DR programs apply the valley filling technique to build load which can be operated during off-peak hours [53]. Peak clipping is used during peak hours to shred excessive load [36]. Load shifting provides the combined effect of peak clipping and valley filling activities [39].
DR programs further interconnect MG and the market through two main streams. One is a system reliability-oriented program and the second is market-oriented programs. Figure 4 shows detailed segregation of DR programs [54]. Through reliability-oriented DR programs, consumers receive economic incentives after defining a controlled use of appliances. The participation in this program is volunteered or maybe in-volunteered depending on the user [55]. Moreover, through market-oriented DR programs, consumers can receive flexible dynamic electricity prices in real-time and may define their load consumption depending on the current electricity rate.
Reliability oriented DR programs focus towards the nature of operation of energy consumption. Huge industries and commercial projects are covered through interruptible load DR program. The program requires the load to be cut off for short duration. In return, users will get a discounted electricity price rate because of tolerating service disruptions. Moreover, in case of not obliging with the program, users are penalized. Furthermore, toward the goal to reduce the peak hour consumption, direct load control programs are introduced [56]. These programs empower utility to interrupt directly into the load profile of user. However, users are notified prior to the change. As being part of this program, users will receive compensation [50,57]. In addition to this, emergency program is defined to deal with the system during any unforeseen event. However, this program does not apply any penalty to the users who cannot participate in it [58]. Emergency DR is another form of DR. This DR is activated to mitigate demand rebound. Demand rebound is an index for indicating the necessary reduction in load to avoid network congestion, transformer overloading, and customer inconvenience. Emergency DR is used to reduce the DN losses due to enhanced load requirements by the customers in the form of smart loads (EVs, dryers and heaters) [59]. To avoid this, a multi-objective agent-based approach is used focusing on the customer convenience and demand rebound. Moreover, transformer overloading is also calculated and optimized.

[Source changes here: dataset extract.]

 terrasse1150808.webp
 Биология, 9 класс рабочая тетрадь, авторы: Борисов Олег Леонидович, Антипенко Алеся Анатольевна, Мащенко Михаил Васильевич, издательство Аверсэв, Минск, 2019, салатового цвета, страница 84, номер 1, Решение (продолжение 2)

Market-oriented DR programs are subdivided into two main streams depending upon the user. One is the demand bidding program and the other is the real-time pricing program. The demand bidding program favors the huge energy consumers: users who can reduce their specific load with the need of time. These users face fixed electricity price rate under normal conditions. However, as the market price goes up, these users receive good incentives [50]. To avoid the fixed electricity price, real-time electricity pricing program is also an option for the consumers related to industry and commercial projects. In this program, electricity generation price faced by the consumers varies with time. However, the cost related to the hardware involved in transmission and distribution remains fixed [54]. Time-of-use pricing program comprises of the basic production costs and is voluntary. This rate inspires decreased consumption during peak hours [50]. To provide dynamic pricing to users, the critical peak pricing program is introduced. This scheme also focuses on the reliability of the system [54]. Real-time rate is defined to meet the supply contingencies. Users pay according to the rates that are a function of the real market. However, the pricing schedule is supplied day-ahead or on hourly basis to avoid any misunderstanding [58].

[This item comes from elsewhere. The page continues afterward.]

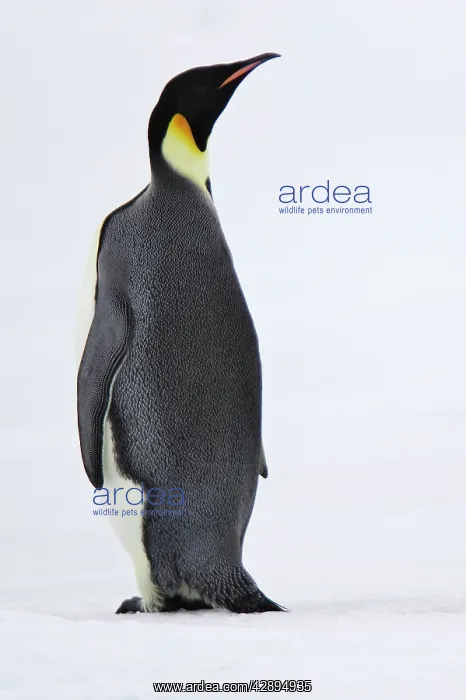 : Emperor Penguin - backview : Emperor Penguin - backview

2.2. Societal Impacts of DR

The literature has addressed the impact of DR on environmental issues raised through energy generation. For example, in [60] Swedish electrical utilities have determined the possible benefits of load management. The objectives related to decarbonization with respect to available hardware is studied in [61] to plan an expansion in power generation capacity. Refs. [62,63] represents a structure based on mixed-integer programming for scheduling the maintenance associated with DR programs. The possible environmental trade-offs between system cost and emission reduction are suggested by [64]. Carbon-pricing policy and DR programs impacts on long-term integrated resource planning have been studied in the Indonesian power sector by [65]. The strength of energy policy association with economic, environmental, and reliability objectives unfolds the prospective benefits of DR to electrical power system [3].

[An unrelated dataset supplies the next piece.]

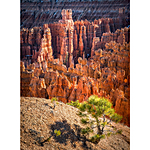 NJCS: Shaping Landscapes and Portraits in LR and PS with Joe Brady 5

The advantage of market-driven DR programs to the power system is the reduced price of electricity supply. Moreover, through short-term responses to market conditions sufficient reserve margins and stability of price can be maintained [66]. Finally, to maintain system reliability, a network-driven DR program is outrageous. This program maintains the supply and generation ratio in balance by dividing the demand into short time intervals.
  • Environmental Impact: Environmental damage can be avoided through reduced energy generation [61,62,63,64,65]. Through proper scheduling, excess fuel burning as in generator startup and ramping can be avoided, which results in no electricity generation. This scheduling is achievable through DR. Hence, DR results in visibly reduced emissions [60,67]. To overlook environmental issues such as reduced greenhouse gas effect, increased energy efficiency and decreased energy portfolio, an environment-driven DR program is used. Furthermore, it provides the social benefit of evaluating defined commitment to environmentally friendly generation.
  • Enhanced Efficiency in Real-Time: The compatibility of DR with real time results in enhanced efficiency of power system. To achieve this compatibility, time is divided into short, medium, and long terms. Moreover, for the short and medium terms, DR keeps the electricity flow within the technical bounds of systems. The peak of the network is decreased and hence system collapse can be avoided. During the long term, DR decreases the generation. The network maintenance cost decreases and the system efficiency are incremented [68].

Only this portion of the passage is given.